Besides the hospital update, the recommendations are in line with current payments or lower, so in aggregate would produce Medicare savings. If enacted, they would extend "the life of the Medicare trust fund for at least a few more minutes," Mathew said.
The suggested rates are likely to please some provider groups and incense others following a year of intense financial volatility. However, previous research suggests provider losses stemming from the pandemic haven't been as dire as initially feared.
MedPAC's report also analyzed the state of the Medicare Advantage program, which unlike fee-for-service Medicare is increasingly robust, researchers said. Enrollment, beneficiary access to MA plans and rebate levels that fund extra benefits all reached record highs in recent years, MedPAC found, noting a whopping 43% of all Medicare beneficiaries enrolled in the privately run Medicare plans last year.
However, Medicare shelled out $317 billion to MA plans in 2020, representing significantly higher per-beneficiary spending than in fee-for-service Medicare. Despite record-low plan bids for 2021, MedPAC estimates MA payments will be about 101% to 104% of fee-for-service spending this year.
As a result, some MA policies need "immediate improvement," MedPAC said, noting CMS could lower excess payments stemming from plans' coding practices resulting in excess payments and replace the MA quality bonus program with a different value incentive program that would more accurately reward quality of care.
The report also includes a policy option for Medicare's coverage of telehealth after COVID-19. There's broad bipartisan support for permanently lowering long-codified restrictions to telemedicine in the U.S. as utilization of digitally delivered care skyrocketed during the pandemic. However, current flexibilities will expire at the end of the public health emergency without legislative action, and the exact shape of any permanent reform is still being debated in the halls of Congress.
MedPAC suggests Congress expand coverage under Medicare for all beneficiaries beyond the PHE for a temporary period such as one or two years to give regulators more time to gather data about virtual care's efficacy and its impact on costs. However, Medicare should pay the lower physician fee schedule's facility rate for telehealth services, and providers also shouldn't be allowed to reduce or waive beneficiary cost-sharing as a safeguard against overutilization — a key worry among telehealth critics.

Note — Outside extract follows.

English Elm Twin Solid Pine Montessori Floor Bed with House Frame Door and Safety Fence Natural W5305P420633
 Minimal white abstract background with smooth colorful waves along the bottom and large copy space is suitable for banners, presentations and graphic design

MedPAC also noted that, though Medicare's Part D prescription drug benefit continued to offer beneficiaries broad choice among plans and improve access to prescription drugs with few-to-no premium increases for many years, there's more the government could do to curb spending.
More of Medicare's payments to plans are in the form of cost-based reinsurance instead of fixed dollar payments, reducing plans' incentives to control spending. In addition, though overall Part D prices declined in 2019 due to increased use of generics, prices continued to rise in therapeutics dominated by brand-name drugs. Further inflation in drug prices among high-cost enrollees could continue to drive spending upward, MedPAC warned.
As a result, the commission recommends a facelift of Part D's benefit design to limit out-of-pocket costs, prioritize risk-based, capitated payments and nix features of the current program that distort market incentives.